▸ **Records for processing**:
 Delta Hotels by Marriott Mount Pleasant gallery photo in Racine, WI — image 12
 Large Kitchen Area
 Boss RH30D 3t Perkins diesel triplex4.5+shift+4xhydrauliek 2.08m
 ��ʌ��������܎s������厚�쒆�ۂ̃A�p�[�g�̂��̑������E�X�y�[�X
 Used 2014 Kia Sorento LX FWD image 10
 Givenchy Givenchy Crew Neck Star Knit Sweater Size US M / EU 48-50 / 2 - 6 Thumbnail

▸ **Exercise**: For this task, print the records again exactly as they appear.

▸ **Solution to this exercise**:
 Delta Hotels by Marriott Mount Pleasant gallery photo in Racine, WI — image 12
 Large Kitchen Area
 Boss RH30D 3t Perkins diesel triplex4.5+shift+4xhydrauliek 2.08m
 ��ʌ��������܎s������厚�쒆�ۂ̃A�p�[�g�̂��̑������E�X�y�[�X
 Used 2014 Kia Sorento LX FWD image 10
 Givenchy Givenchy Crew Neck Star Knit Sweater Size US M / EU 48-50 / 2 - 6 Thumbnail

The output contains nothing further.